**Activity**
Write the data out again, word for word.

[Records from a data collection]
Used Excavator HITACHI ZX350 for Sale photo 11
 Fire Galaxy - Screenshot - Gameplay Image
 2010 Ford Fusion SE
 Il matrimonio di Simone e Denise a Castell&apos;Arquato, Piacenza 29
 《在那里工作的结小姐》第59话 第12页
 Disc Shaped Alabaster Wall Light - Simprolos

**Output for this exercise**
Used Excavator HITACHI ZX350 for Sale photo 11
 Fire Galaxy - Screenshot - Gameplay Image
 2010 Ford Fusion SE
 Il matrimonio di Simone e Denise a Castell&apos;Arquato, Piacenza 29
 《在那里工作的结小姐》第59话 第12页
 Disc Shaped Alabaster Wall Light - Simprolos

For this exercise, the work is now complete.